TRY IT:
Once the line containing "COMNAV Commander Marine" is found in the records below, return it and each following line exactly, up to and including the line containing "17820 NW 73rd Ave 200-1, Hialeah, FL 33015", and nothing else.

RECORDS SUPPLIED:
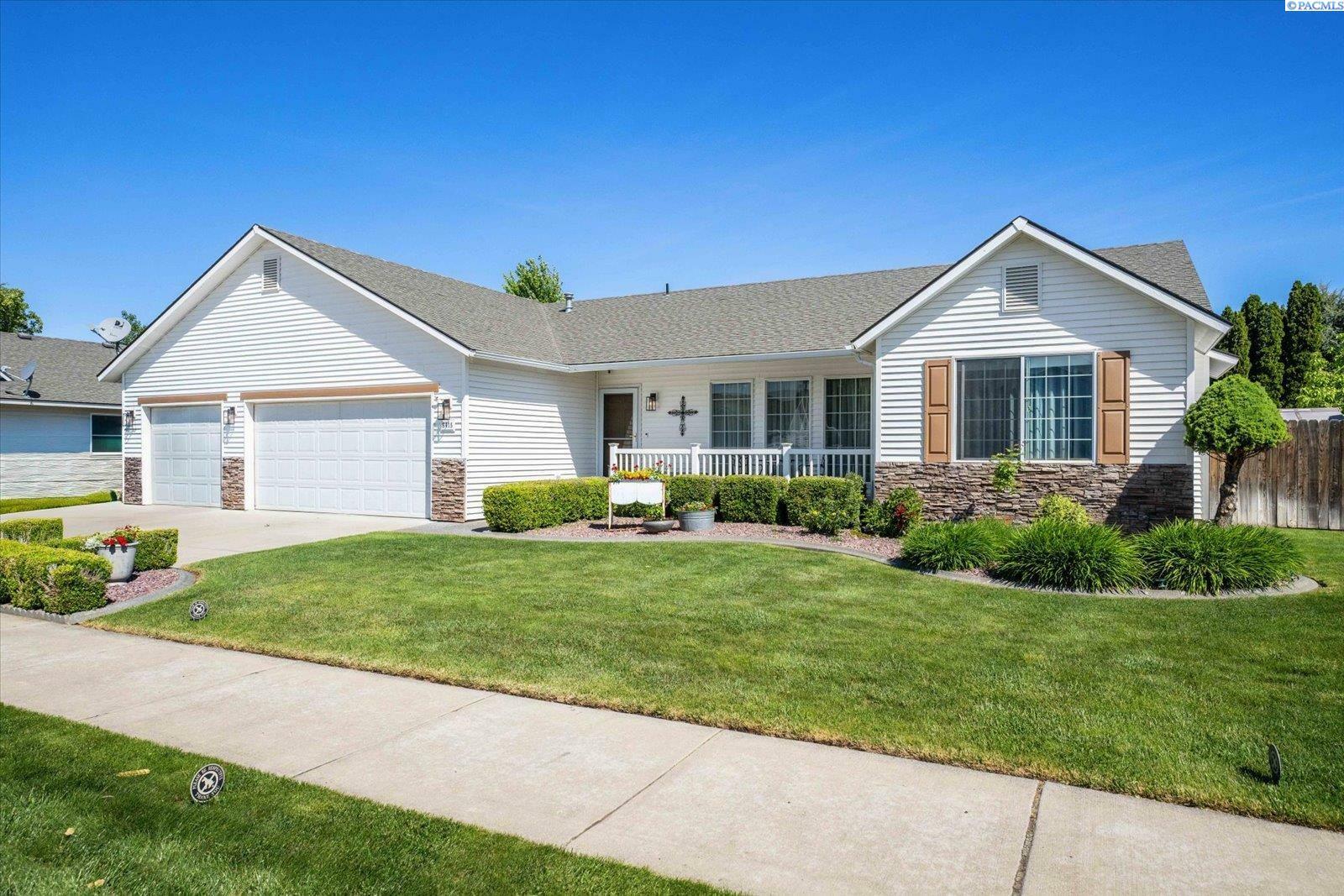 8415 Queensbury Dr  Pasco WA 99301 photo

--

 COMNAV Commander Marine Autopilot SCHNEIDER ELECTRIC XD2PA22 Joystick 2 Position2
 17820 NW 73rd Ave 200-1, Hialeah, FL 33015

YOUR SOLUTION:
 COMNAV Commander Marine Autopilot SCHNEIDER ELECTRIC XD2PA22 Joystick 2 Position2
 17820 NW 73rd Ave 200-1, Hialeah, FL 33015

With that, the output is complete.